*** MATERIAL PROVIDED ***

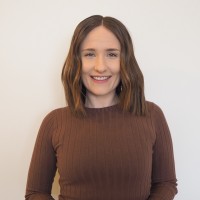 Amelia Beaton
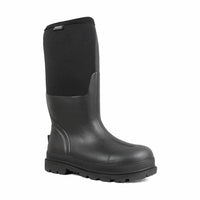Bogs - Men's Rancher Rubber Winter Boots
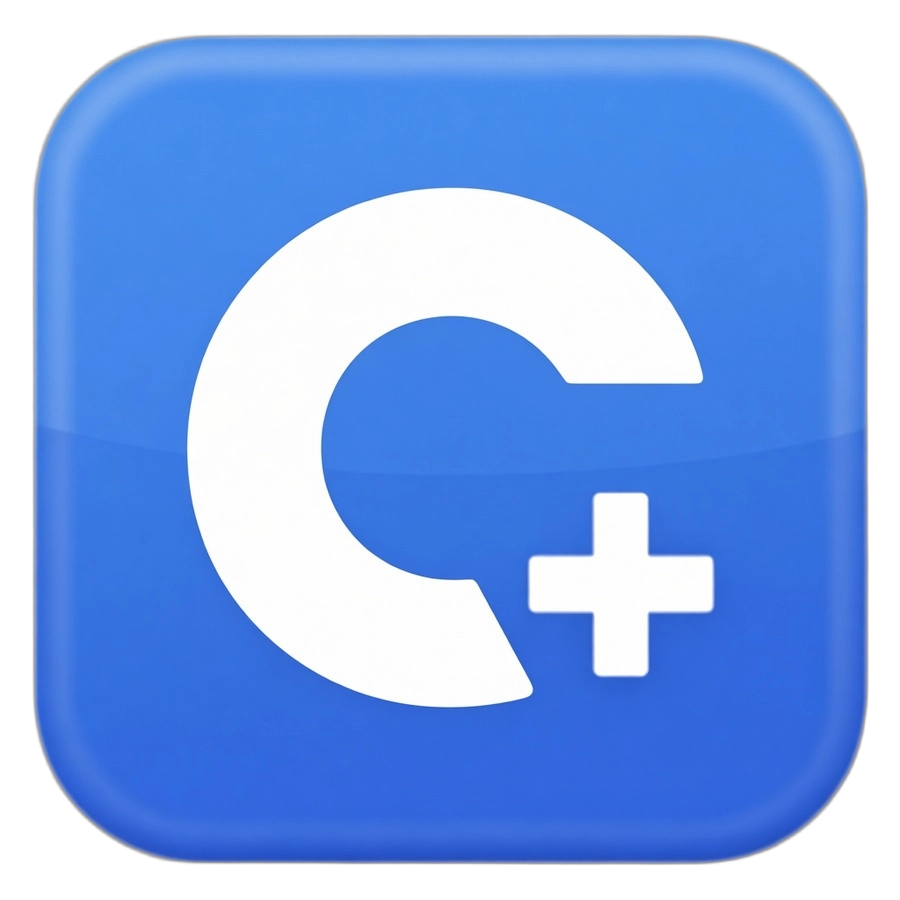 C+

***

» TASK OBJECTIVE
Please reproduce the material above word for word, without its images.

» RESULT FOR THIS EXERCISE
 Amelia Beaton
Bogs - Men's Rancher Rubber Winter Boots
 C+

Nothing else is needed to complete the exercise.